** Material provided follows **
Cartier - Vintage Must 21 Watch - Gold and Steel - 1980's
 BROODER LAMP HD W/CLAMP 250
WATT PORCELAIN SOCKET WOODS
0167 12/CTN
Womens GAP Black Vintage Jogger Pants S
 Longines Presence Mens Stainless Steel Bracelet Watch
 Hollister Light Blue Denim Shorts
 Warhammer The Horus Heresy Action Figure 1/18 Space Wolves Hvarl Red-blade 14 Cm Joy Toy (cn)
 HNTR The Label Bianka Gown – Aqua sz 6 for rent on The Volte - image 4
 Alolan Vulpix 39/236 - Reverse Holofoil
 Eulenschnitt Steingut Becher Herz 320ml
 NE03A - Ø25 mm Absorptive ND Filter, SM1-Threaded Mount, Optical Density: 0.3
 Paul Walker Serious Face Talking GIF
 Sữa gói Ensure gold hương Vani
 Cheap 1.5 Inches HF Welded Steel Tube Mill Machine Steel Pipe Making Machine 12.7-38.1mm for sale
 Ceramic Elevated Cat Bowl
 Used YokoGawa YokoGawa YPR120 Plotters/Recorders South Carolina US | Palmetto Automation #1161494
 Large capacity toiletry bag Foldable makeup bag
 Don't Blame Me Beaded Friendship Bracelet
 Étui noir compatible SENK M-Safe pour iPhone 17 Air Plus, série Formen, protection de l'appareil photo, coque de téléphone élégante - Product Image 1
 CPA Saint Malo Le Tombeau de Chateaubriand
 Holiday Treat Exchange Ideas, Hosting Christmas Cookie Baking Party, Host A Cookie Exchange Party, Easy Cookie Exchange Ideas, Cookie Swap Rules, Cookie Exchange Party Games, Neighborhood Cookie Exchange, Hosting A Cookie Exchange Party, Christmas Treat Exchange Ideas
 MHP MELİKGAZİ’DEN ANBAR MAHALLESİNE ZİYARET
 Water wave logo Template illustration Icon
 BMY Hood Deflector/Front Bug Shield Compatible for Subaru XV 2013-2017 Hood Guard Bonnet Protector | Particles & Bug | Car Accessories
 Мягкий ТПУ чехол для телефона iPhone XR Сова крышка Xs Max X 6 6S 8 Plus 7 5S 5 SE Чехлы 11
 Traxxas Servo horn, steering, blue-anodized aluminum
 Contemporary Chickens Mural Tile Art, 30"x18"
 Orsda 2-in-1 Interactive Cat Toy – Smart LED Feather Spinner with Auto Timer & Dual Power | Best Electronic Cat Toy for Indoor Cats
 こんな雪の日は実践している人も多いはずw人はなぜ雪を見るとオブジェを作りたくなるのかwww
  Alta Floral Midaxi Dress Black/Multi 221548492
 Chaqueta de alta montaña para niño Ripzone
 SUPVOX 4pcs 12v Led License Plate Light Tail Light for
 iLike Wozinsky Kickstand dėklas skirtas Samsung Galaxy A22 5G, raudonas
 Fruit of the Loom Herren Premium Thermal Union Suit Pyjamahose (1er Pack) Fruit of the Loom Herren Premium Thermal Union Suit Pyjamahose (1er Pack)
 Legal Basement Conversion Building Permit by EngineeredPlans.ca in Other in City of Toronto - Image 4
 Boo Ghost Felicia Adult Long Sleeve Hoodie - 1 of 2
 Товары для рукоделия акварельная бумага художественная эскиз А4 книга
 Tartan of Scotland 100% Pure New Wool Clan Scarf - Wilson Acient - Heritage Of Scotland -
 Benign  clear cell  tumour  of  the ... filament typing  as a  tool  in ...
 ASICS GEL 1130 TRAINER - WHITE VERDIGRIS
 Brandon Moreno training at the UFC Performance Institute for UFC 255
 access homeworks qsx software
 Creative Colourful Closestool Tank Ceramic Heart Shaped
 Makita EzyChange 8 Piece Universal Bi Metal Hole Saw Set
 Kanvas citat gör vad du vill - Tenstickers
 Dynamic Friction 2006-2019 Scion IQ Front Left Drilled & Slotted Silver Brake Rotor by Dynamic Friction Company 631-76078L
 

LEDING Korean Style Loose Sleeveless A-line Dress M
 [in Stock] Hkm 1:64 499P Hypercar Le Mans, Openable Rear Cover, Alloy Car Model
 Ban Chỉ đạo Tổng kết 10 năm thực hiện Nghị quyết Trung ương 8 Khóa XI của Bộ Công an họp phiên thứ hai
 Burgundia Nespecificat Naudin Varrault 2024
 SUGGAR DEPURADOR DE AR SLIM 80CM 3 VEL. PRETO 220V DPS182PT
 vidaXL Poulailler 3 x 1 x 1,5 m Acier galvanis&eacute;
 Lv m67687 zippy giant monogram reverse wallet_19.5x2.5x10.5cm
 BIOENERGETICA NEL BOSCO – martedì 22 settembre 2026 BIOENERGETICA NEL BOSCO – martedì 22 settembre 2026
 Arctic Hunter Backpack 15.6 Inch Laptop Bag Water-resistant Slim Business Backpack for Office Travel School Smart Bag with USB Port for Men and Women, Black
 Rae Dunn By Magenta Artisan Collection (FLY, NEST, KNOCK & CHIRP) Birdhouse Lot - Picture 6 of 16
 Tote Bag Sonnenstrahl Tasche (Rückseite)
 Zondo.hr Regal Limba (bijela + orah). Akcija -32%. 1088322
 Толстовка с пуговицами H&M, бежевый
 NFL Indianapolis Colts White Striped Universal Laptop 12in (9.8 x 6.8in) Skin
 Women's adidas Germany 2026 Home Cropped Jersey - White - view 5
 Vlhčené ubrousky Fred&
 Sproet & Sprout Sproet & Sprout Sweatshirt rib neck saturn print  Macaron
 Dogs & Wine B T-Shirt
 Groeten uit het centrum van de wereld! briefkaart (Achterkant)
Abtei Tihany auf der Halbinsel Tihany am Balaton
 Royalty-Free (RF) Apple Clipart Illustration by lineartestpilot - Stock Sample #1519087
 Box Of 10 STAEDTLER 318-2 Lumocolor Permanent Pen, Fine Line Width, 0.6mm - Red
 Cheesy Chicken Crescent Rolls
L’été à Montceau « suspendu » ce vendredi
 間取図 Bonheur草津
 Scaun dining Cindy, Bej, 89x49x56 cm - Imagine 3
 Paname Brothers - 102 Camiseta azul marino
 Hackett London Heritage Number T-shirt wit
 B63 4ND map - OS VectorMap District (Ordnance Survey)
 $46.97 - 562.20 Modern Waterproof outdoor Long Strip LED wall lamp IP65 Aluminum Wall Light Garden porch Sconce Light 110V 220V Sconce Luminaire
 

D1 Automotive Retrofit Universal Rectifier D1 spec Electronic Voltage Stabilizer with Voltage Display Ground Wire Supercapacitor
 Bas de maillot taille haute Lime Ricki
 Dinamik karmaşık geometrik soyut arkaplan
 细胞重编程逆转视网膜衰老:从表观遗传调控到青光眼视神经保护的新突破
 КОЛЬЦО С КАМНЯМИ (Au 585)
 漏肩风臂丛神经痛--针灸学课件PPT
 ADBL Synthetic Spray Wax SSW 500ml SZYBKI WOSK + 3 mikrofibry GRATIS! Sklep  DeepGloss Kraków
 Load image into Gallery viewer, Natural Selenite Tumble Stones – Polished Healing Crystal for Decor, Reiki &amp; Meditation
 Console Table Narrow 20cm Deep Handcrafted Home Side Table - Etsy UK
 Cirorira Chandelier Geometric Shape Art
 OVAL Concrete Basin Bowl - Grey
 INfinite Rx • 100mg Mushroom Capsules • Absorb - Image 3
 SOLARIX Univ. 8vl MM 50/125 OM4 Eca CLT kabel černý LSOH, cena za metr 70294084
** End of Material provided **
(Exercise):
Print out every record again, exactly and in full.

(Reply to the exercise):
Cartier - Vintage Must 21 Watch - Gold and Steel - 1980's
 BROODER LAMP HD W/CLAMP 250
WATT PORCELAIN SOCKET WOODS
0167 12/CTN
Womens GAP Black Vintage Jogger Pants S
 Longines Presence Mens Stainless Steel Bracelet Watch
 Hollister Light Blue Denim Shorts
 Warhammer The Horus Heresy Action Figure 1/18 Space Wolves Hvarl Red-blade 14 Cm Joy Toy (cn)
 HNTR The Label Bianka Gown – Aqua sz 6 for rent on The Volte - image 4
 Alolan Vulpix 39/236 - Reverse Holofoil
 Eulenschnitt Steingut Becher Herz 320ml
 NE03A - Ø25 mm Absorptive ND Filter, SM1-Threaded Mount, Optical Density: 0.3
 Paul Walker Serious Face Talking GIF
 Sữa gói Ensure gold hương Vani
 Cheap 1.5 Inches HF Welded Steel Tube Mill Machine Steel Pipe Making Machine 12.7-38.1mm for sale
 Ceramic Elevated Cat Bowl
 Used YokoGawa YokoGawa YPR120 Plotters/Recorders South Carolina US | Palmetto Automation #1161494
 Large capacity toiletry bag Foldable makeup bag
 Don't Blame Me Beaded Friendship Bracelet
 Étui noir compatible SENK M-Safe pour iPhone 17 Air Plus, série Formen, protection de l'appareil photo, coque de téléphone élégante - Product Image 1
 CPA Saint Malo Le Tombeau de Chateaubriand
 Holiday Treat Exchange Ideas, Hosting Christmas Cookie Baking Party, Host A Cookie Exchange Party, Easy Cookie Exchange Ideas, Cookie Swap Rules, Cookie Exchange Party Games, Neighborhood Cookie Exchange, Hosting A Cookie Exchange Party, Christmas Treat Exchange Ideas
 MHP MELİKGAZİ’DEN ANBAR MAHALLESİNE ZİYARET
 Water wave logo Template illustration Icon
 BMY Hood Deflector/Front Bug Shield Compatible for Subaru XV 2013-2017 Hood Guard Bonnet Protector | Particles & Bug | Car Accessories
 Мягкий ТПУ чехол для телефона iPhone XR Сова крышка Xs Max X 6 6S 8 Plus 7 5S 5 SE Чехлы 11
 Traxxas Servo horn, steering, blue-anodized aluminum
 Contemporary Chickens Mural Tile Art, 30"x18"
 Orsda 2-in-1 Interactive Cat Toy – Smart LED Feather Spinner with Auto Timer & Dual Power | Best Electronic Cat Toy for Indoor Cats
 こんな雪の日は実践している人も多いはずw人はなぜ雪を見るとオブジェを作りたくなるのかwww
  Alta Floral Midaxi Dress Black/Multi 221548492
 Chaqueta de alta montaña para niño Ripzone
 SUPVOX 4pcs 12v Led License Plate Light Tail Light for
 iLike Wozinsky Kickstand dėklas skirtas Samsung Galaxy A22 5G, raudonas
 Fruit of the Loom Herren Premium Thermal Union Suit Pyjamahose (1er Pack) Fruit of the Loom Herren Premium Thermal Union Suit Pyjamahose (1er Pack)
 Legal Basement Conversion Building Permit by EngineeredPlans.ca in Other in City of Toronto - Image 4
 Boo Ghost Felicia Adult Long Sleeve Hoodie - 1 of 2
 Товары для рукоделия акварельная бумага художественная эскиз А4 книга
 Tartan of Scotland 100% Pure New Wool Clan Scarf - Wilson Acient - Heritage Of Scotland -
 Benign  clear cell  tumour  of  the ... filament typing  as a  tool  in ...
 ASICS GEL 1130 TRAINER - WHITE VERDIGRIS
 Brandon Moreno training at the UFC Performance Institute for UFC 255
 access homeworks qsx software
 Creative Colourful Closestool Tank Ceramic Heart Shaped
 Makita EzyChange 8 Piece Universal Bi Metal Hole Saw Set
 Kanvas citat gör vad du vill - Tenstickers
 Dynamic Friction 2006-2019 Scion IQ Front Left Drilled & Slotted Silver Brake Rotor by Dynamic Friction Company 631-76078L
 

LEDING Korean Style Loose Sleeveless A-line Dress M
 [in Stock] Hkm 1:64 499P Hypercar Le Mans, Openable Rear Cover, Alloy Car Model
 Ban Chỉ đạo Tổng kết 10 năm thực hiện Nghị quyết Trung ương 8 Khóa XI của Bộ Công an họp phiên thứ hai
 Burgundia Nespecificat Naudin Varrault 2024
 SUGGAR DEPURADOR DE AR SLIM 80CM 3 VEL. PRETO 220V DPS182PT
 vidaXL Poulailler 3 x 1 x 1,5 m Acier galvanis&eacute;
 Lv m67687 zippy giant monogram reverse wallet_19.5x2.5x10.5cm
 BIOENERGETICA NEL BOSCO – martedì 22 settembre 2026 BIOENERGETICA NEL BOSCO – martedì 22 settembre 2026
 Arctic Hunter Backpack 15.6 Inch Laptop Bag Water-resistant Slim Business Backpack for Office Travel School Smart Bag with USB Port for Men and Women, Black
 Rae Dunn By Magenta Artisan Collection (FLY, NEST, KNOCK & CHIRP) Birdhouse Lot - Picture 6 of 16
 Tote Bag Sonnenstrahl Tasche (Rückseite)
 Zondo.hr Regal Limba (bijela + orah). Akcija -32%. 1088322
 Толстовка с пуговицами H&M, бежевый
 NFL Indianapolis Colts White Striped Universal Laptop 12in (9.8 x 6.8in) Skin
 Women's adidas Germany 2026 Home Cropped Jersey - White - view 5
 Vlhčené ubrousky Fred&
 Sproet & Sprout Sproet & Sprout Sweatshirt rib neck saturn print  Macaron
 Dogs & Wine B T-Shirt
 Groeten uit het centrum van de wereld! briefkaart (Achterkant)
Abtei Tihany auf der Halbinsel Tihany am Balaton
 Royalty-Free (RF) Apple Clipart Illustration by lineartestpilot - Stock Sample #1519087
 Box Of 10 STAEDTLER 318-2 Lumocolor Permanent Pen, Fine Line Width, 0.6mm - Red
 Cheesy Chicken Crescent Rolls
L’été à Montceau « suspendu » ce vendredi
 間取図 Bonheur草津
 Scaun dining Cindy, Bej, 89x49x56 cm - Imagine 3
 Paname Brothers - 102 Camiseta azul marino
 Hackett London Heritage Number T-shirt wit
 B63 4ND map - OS VectorMap District (Ordnance Survey)
 $46.97 - 562.20 Modern Waterproof outdoor Long Strip LED wall lamp IP65 Aluminum Wall Light Garden porch Sconce Light 110V 220V Sconce Luminaire
 

D1 Automotive Retrofit Universal Rectifier D1 spec Electronic Voltage Stabilizer with Voltage Display Ground Wire Supercapacitor
 Bas de maillot taille haute Lime Ricki
 Dinamik karmaşık geometrik soyut arkaplan
 细胞重编程逆转视网膜衰老:从表观遗传调控到青光眼视神经保护的新突破
 КОЛЬЦО С КАМНЯМИ (Au 585)
 漏肩风臂丛神经痛--针灸学课件PPT
 ADBL Synthetic Spray Wax SSW 500ml SZYBKI WOSK + 3 mikrofibry GRATIS! Sklep  DeepGloss Kraków
 Load image into Gallery viewer, Natural Selenite Tumble Stones – Polished Healing Crystal for Decor, Reiki &amp; Meditation
 Console Table Narrow 20cm Deep Handcrafted Home Side Table - Etsy UK
 Cirorira Chandelier Geometric Shape Art
 OVAL Concrete Basin Bowl - Grey
 INfinite Rx • 100mg Mushroom Capsules • Absorb - Image 3
 SOLARIX Univ. 8vl MM 50/125 OM4 Eca CLT kabel černý LSOH, cena za metr 70294084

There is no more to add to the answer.